Data for this task ::
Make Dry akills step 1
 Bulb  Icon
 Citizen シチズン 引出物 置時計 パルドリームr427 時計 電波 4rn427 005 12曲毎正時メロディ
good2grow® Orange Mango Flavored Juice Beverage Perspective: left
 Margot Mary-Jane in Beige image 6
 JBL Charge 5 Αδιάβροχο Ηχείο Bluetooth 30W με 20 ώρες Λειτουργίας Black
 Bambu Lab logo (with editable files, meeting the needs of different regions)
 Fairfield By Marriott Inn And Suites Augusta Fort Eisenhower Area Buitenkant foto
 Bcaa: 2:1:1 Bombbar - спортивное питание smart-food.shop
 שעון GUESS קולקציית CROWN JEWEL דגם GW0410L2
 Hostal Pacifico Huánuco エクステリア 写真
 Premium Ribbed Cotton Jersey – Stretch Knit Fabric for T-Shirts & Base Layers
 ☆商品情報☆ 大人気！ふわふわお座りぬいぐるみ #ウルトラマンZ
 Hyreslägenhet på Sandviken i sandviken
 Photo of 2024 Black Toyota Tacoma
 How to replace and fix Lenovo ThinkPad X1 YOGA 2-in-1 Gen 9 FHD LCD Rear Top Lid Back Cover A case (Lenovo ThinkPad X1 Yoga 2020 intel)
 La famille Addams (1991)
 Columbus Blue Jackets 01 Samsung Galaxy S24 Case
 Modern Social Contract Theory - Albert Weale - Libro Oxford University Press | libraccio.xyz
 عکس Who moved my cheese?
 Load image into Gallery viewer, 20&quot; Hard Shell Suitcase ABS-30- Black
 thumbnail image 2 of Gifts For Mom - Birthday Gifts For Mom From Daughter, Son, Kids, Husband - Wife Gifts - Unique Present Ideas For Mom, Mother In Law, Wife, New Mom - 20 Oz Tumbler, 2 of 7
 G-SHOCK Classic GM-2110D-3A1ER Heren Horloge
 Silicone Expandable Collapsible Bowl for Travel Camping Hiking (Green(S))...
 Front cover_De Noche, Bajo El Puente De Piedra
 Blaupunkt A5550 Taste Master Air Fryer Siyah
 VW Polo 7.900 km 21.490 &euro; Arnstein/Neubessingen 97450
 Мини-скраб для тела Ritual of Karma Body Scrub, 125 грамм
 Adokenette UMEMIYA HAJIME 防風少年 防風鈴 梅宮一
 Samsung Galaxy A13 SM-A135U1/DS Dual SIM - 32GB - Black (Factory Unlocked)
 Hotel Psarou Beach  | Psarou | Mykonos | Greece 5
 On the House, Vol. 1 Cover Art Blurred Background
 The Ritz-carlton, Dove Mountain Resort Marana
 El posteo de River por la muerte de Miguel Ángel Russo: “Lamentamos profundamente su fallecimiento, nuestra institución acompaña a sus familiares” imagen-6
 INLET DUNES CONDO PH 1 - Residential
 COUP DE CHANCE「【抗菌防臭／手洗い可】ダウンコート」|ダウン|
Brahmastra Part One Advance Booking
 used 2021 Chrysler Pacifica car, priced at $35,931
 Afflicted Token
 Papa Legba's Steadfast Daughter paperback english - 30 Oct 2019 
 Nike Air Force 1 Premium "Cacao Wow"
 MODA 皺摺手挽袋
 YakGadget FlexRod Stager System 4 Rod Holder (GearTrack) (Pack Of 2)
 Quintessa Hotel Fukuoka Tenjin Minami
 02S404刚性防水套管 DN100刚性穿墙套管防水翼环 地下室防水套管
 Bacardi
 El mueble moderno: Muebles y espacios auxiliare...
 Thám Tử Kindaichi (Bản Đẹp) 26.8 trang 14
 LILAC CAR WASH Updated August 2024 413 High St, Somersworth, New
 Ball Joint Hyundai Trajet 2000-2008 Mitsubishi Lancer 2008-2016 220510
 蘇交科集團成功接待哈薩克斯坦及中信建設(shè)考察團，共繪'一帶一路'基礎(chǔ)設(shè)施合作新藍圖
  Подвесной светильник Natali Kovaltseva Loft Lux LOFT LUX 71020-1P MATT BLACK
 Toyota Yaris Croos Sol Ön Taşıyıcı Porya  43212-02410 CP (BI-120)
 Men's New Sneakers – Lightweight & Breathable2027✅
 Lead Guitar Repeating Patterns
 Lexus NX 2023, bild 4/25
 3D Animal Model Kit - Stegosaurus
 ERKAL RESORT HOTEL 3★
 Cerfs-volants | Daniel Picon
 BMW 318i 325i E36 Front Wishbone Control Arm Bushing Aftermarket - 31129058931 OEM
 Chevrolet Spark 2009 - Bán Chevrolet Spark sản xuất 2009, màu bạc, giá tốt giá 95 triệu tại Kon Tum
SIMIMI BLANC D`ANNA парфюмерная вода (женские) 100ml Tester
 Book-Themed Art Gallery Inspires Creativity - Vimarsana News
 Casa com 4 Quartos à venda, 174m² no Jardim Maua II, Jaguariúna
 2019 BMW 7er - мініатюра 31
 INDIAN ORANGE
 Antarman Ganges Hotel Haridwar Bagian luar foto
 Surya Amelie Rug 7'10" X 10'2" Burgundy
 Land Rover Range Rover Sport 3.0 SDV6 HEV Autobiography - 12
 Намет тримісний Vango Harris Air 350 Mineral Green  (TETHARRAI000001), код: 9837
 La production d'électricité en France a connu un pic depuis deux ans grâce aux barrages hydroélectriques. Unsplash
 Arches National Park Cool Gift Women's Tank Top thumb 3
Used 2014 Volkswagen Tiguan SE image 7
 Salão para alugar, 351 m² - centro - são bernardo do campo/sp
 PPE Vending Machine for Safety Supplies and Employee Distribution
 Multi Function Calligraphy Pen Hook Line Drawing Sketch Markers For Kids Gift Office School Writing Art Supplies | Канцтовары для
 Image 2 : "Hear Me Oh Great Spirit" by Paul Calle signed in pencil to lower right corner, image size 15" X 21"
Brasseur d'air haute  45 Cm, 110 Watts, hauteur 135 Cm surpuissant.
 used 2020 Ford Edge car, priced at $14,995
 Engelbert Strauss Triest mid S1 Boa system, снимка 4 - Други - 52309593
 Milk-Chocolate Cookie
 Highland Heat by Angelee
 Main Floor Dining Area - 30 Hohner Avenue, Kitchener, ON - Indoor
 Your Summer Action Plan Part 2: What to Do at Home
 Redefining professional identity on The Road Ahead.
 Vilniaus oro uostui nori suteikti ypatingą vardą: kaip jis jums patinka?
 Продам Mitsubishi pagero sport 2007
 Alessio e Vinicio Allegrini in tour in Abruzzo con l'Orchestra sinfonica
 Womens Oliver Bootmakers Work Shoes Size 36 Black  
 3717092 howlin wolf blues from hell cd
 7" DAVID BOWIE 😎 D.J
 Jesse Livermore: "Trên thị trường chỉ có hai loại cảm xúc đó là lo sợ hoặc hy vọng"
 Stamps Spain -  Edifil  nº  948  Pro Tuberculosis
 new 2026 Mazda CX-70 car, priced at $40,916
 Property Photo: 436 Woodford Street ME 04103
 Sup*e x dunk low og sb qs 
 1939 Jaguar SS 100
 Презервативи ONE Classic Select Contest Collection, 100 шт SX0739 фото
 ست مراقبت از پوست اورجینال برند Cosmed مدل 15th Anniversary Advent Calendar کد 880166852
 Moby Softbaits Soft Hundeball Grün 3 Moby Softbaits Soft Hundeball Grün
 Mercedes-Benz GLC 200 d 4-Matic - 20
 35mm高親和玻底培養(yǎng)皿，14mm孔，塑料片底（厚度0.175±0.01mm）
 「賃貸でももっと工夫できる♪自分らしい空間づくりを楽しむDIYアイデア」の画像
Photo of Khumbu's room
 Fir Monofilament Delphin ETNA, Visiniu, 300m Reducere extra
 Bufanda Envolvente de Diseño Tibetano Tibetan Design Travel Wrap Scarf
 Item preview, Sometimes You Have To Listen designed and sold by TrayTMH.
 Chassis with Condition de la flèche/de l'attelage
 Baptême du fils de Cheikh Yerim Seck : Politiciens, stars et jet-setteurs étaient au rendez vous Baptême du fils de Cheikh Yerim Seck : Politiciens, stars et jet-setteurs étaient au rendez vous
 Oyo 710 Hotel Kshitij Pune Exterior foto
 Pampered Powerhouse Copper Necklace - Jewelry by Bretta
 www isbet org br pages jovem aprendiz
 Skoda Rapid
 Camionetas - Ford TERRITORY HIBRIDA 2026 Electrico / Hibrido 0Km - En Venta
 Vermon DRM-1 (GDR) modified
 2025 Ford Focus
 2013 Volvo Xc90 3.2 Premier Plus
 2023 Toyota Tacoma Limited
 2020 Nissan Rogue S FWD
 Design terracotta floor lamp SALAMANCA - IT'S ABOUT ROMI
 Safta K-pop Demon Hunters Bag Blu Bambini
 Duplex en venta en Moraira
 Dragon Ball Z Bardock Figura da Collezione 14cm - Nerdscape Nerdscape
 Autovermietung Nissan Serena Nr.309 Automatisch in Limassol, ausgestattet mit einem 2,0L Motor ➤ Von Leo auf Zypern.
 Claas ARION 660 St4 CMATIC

Task objective :: Looking at the data above, state how many of its lines contain the word "Samsung", and give nothing but that number.

Exercise answer :: 2